T. S. Eliot Prize for Poetry, British literary award made annually by the Poetry Book Society (PBS) for “the best collection of new verse in English first published in the UK or the Republic of Ireland”. The prize was established in 1993 to mark the 40th anniversary of the formation of the Poetry Book Society and to honour its founder, the Modernist poet T. S. Eliot. The £15,000 prize money is donated by Eliot’s widow, Valerie Eliot. The shortlisted poets receive £1,000 each.

Based in Tavistock Place, London, the PBS was created by T. S. Eliot and others in 1953 as a book club to promote contemporary poetry. Today the society has a membership of around 2,000, is the largest dedicated supplier of poetry books in the UK, and is funded by the Arts Council to organize poetry education and creative writing initiatives. Each quarter, a panel of respected poets recognizes the best in new poetry through selections in five categories: Choice, Recommendations, Special Commendation, Recommended Translation, and Pamphlet Choice. These works are then featured in the society’s quarterly magazine, Bulletin, which has been published continuously since 1953.

The T. S. Eliot Prize for Poetry is adjudicated by a panel of three judges.
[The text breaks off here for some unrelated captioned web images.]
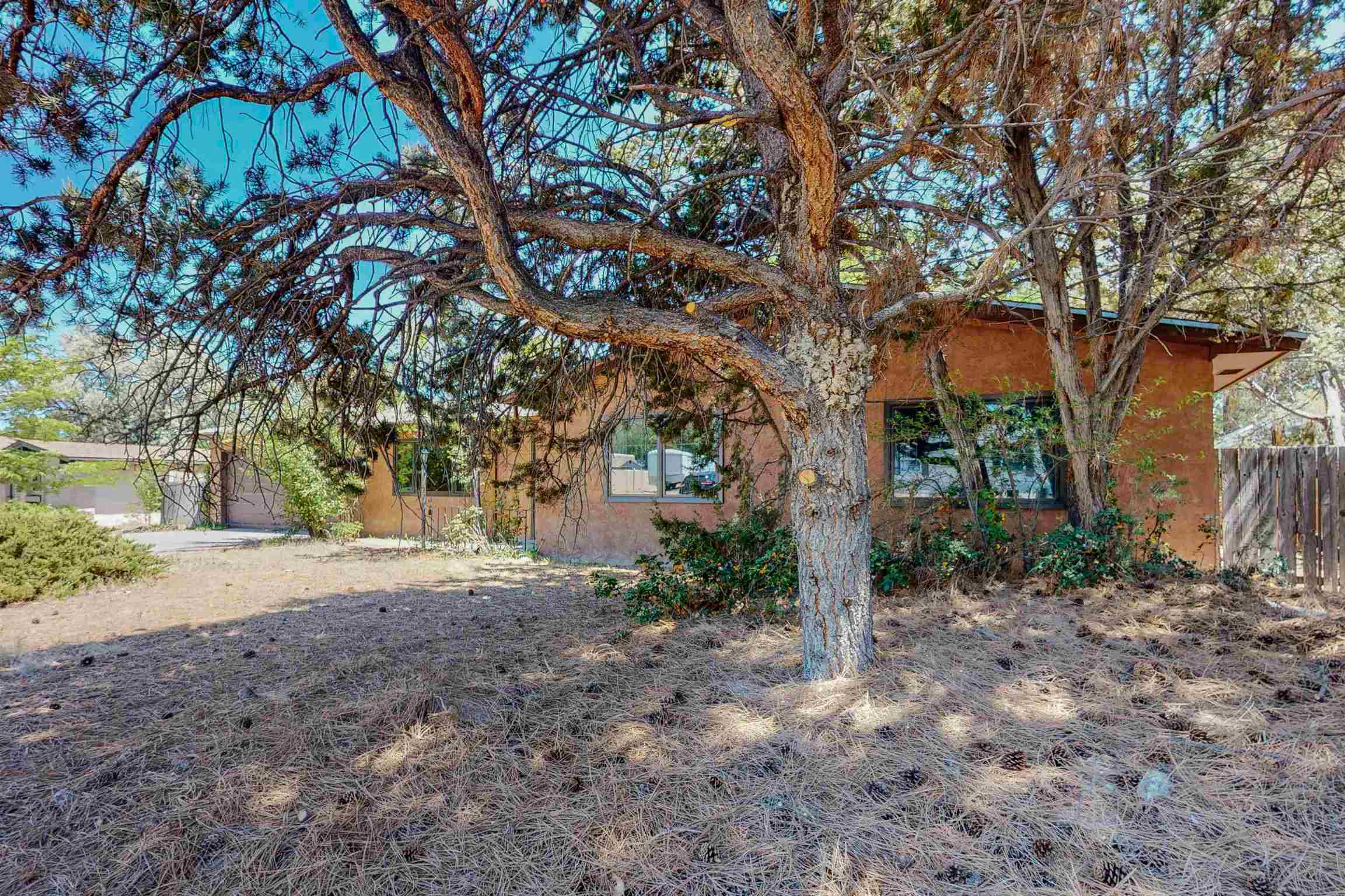 275 DONNA, Los Alamos, New Mexico 87544, 4 Bedrooms Bedrooms, ,2 BathroomsBathrooms,Residential,For Sale,275 DONNA,202201895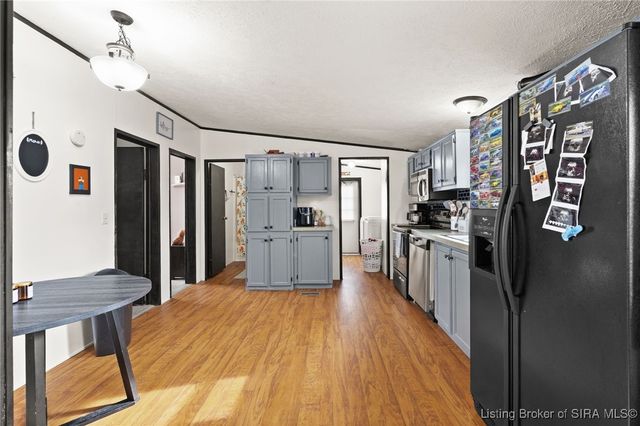 1323 W Kenwood Drive, Austin, IN 47102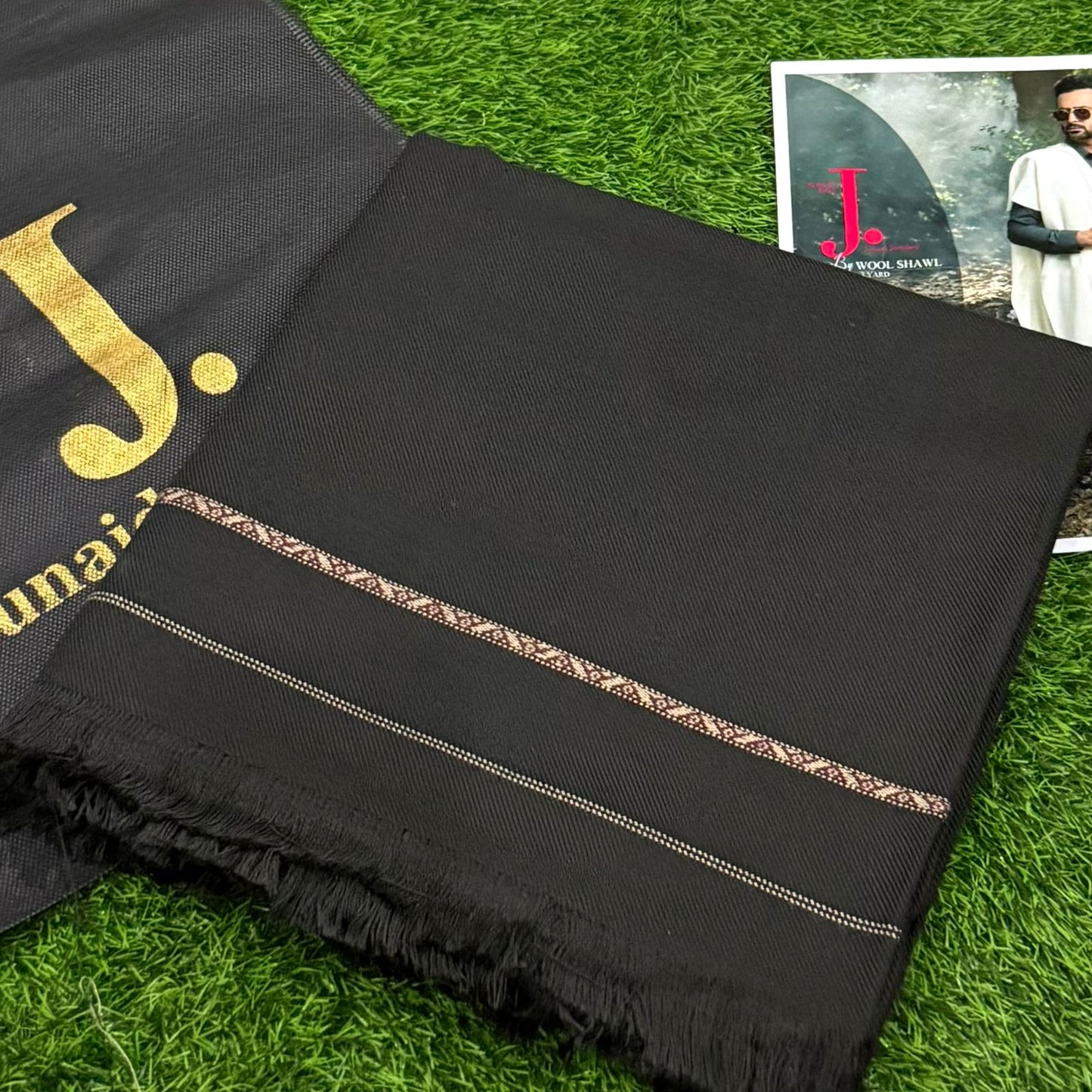 MAN Shawl ♦️♦️ J• Junaid jamshed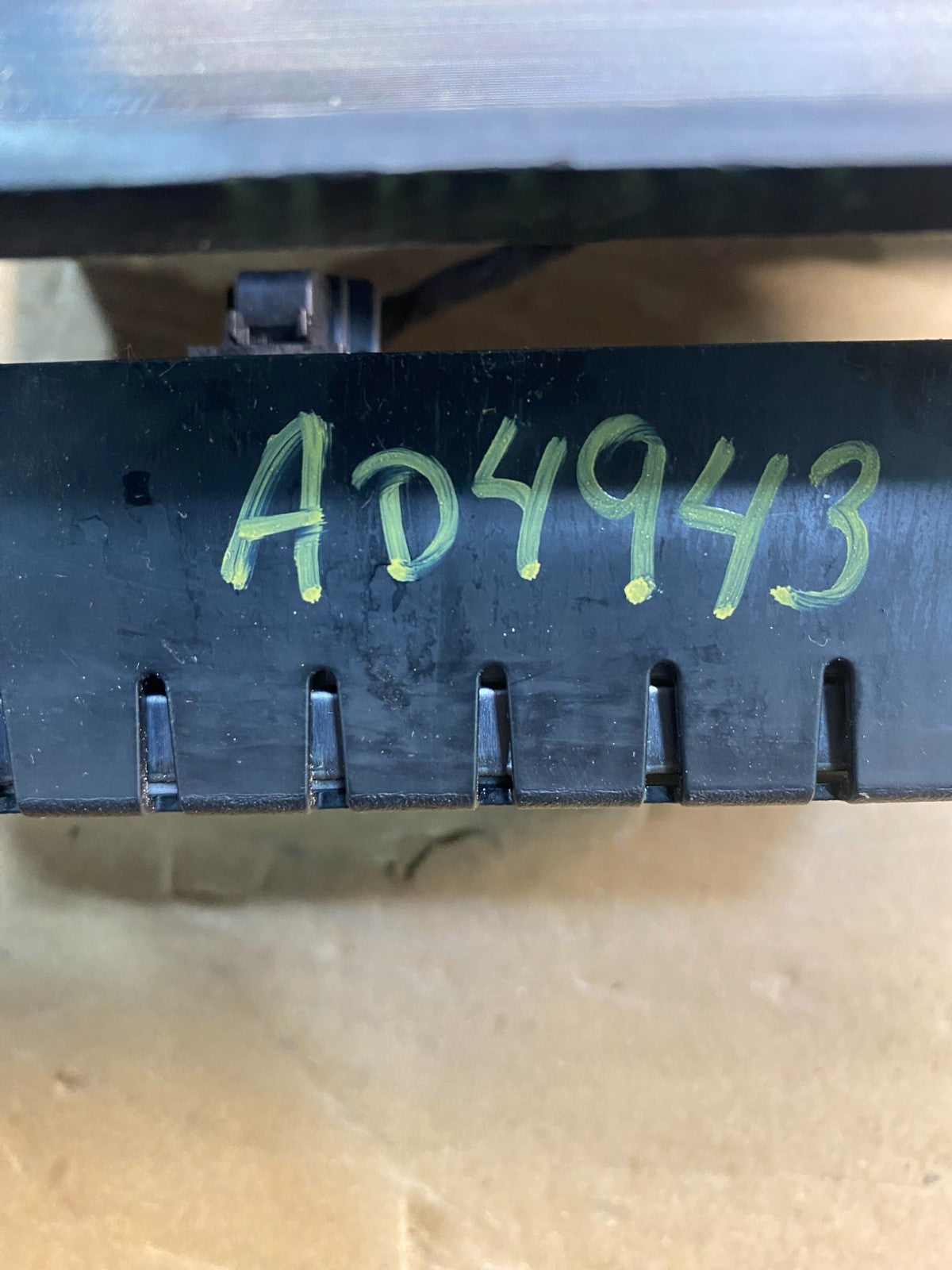 2015 2016 Ford Explorer Transit Taurus Bluetooth Radio Display Screen AD4943 DG5
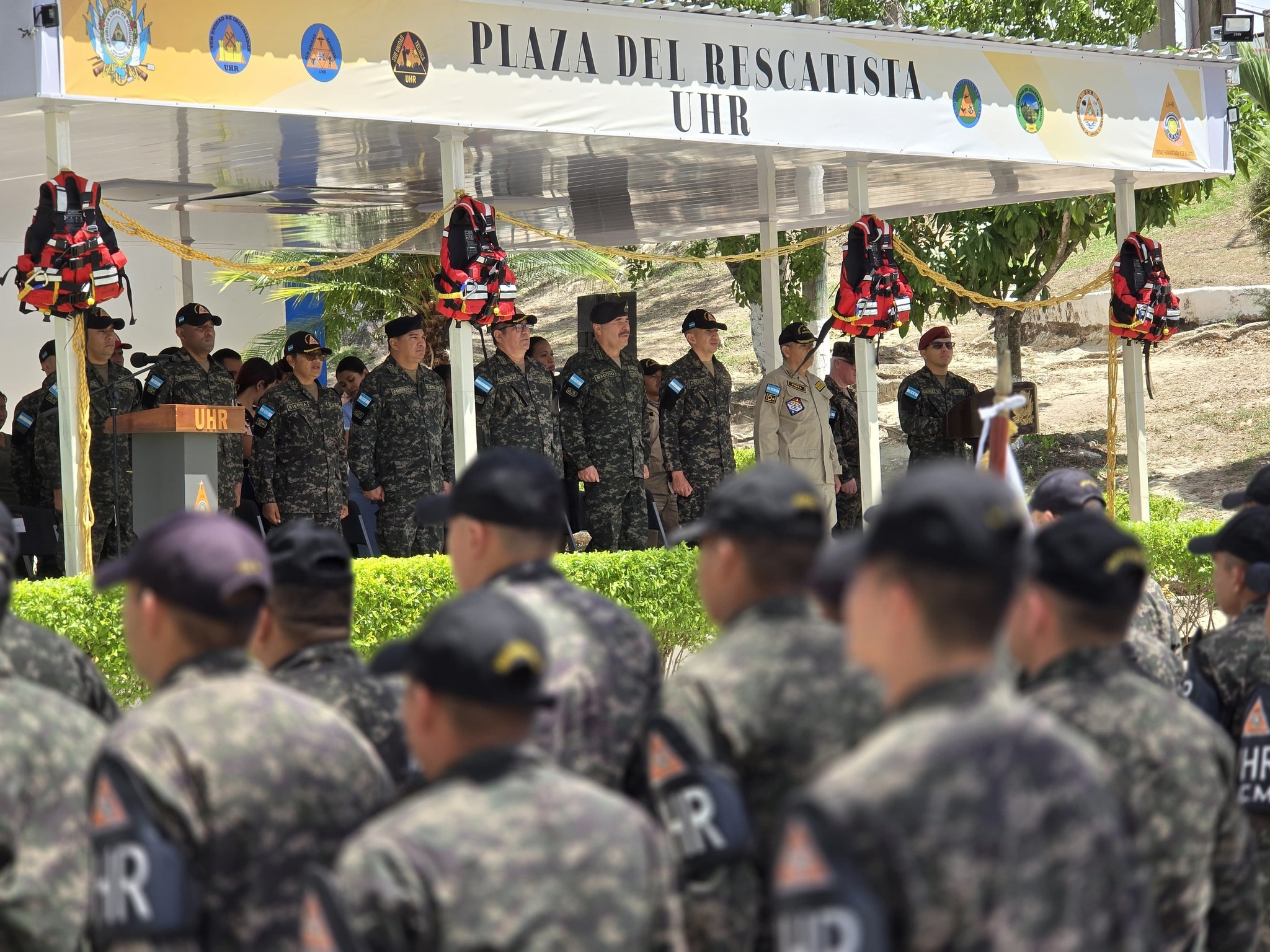 Aumentos Salariales a Generales Hondureños: ¿Alarma por Imparcialidad Militar?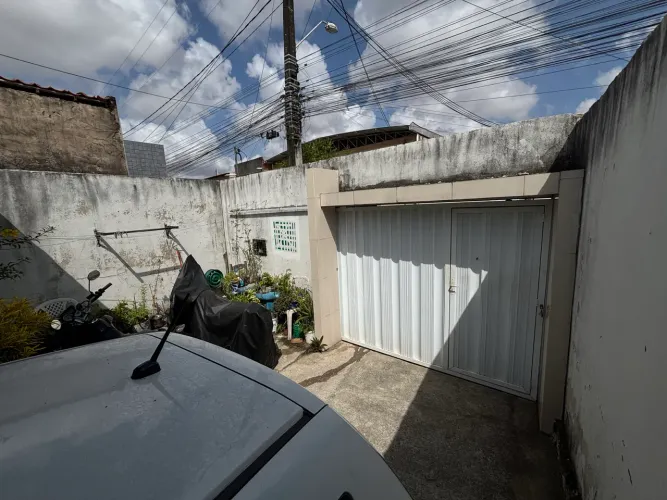 CASA NO PARQUE DOIS IRMÃOS
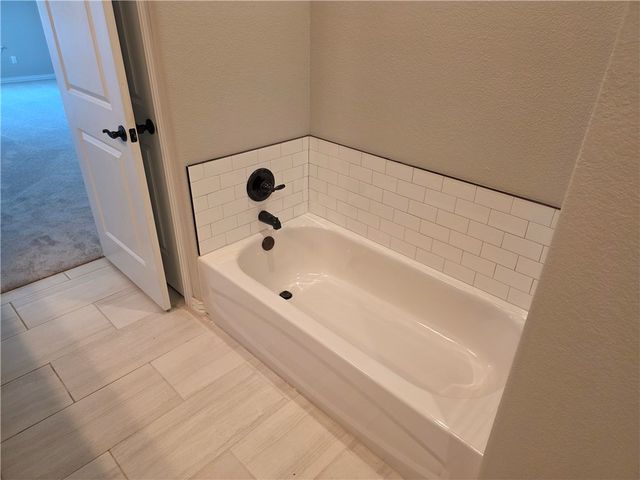 6159 W Limerick Way, Fayetteville, AR 72704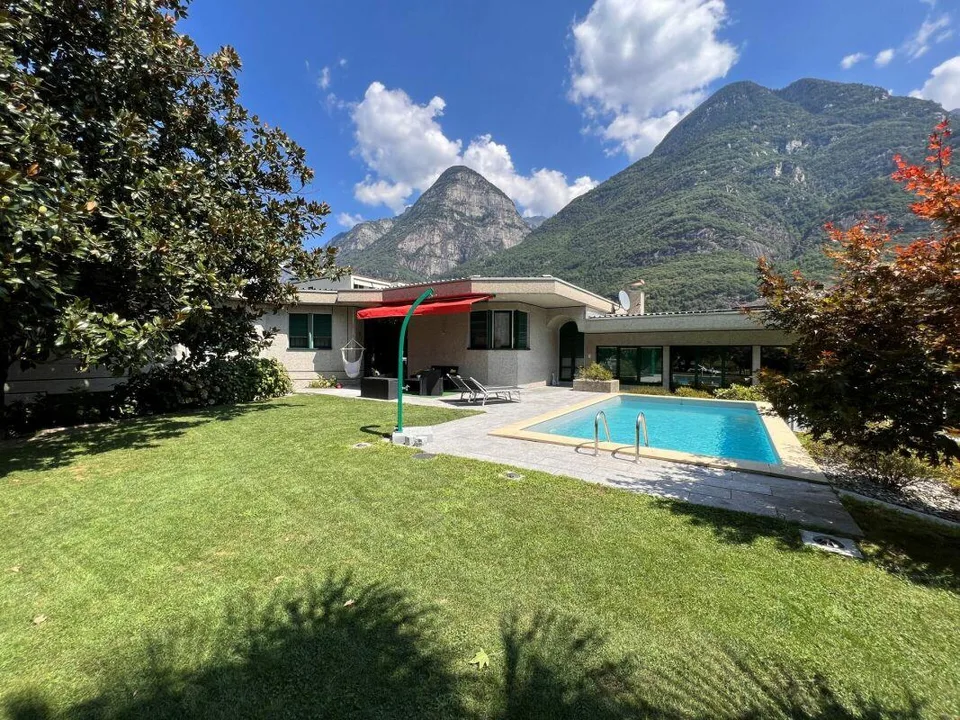 Lodrino - Villa di 7.5 locali con piscina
Between six and ten shortlisted collections are drawn jointly from the judging panel’s selections and from the quarterly Choices of the PBS. The awards ceremony is preceded on the previous evening by a programme of readings by the shortlisted poets at London’s Bloomsbury Theatre.

The first to win the prize was the Belfast-born Northern Irish poet Ciaran Carson in 1993. Subsequent winners have included Paul Muldoon, Les Murray, Ted Hughes, Michael Longley, Carol Ann Duffy, Seamus Heaney, and Sean O'Brien. The first woman to win the prize was the Canadian poet Anne Carson in 2001.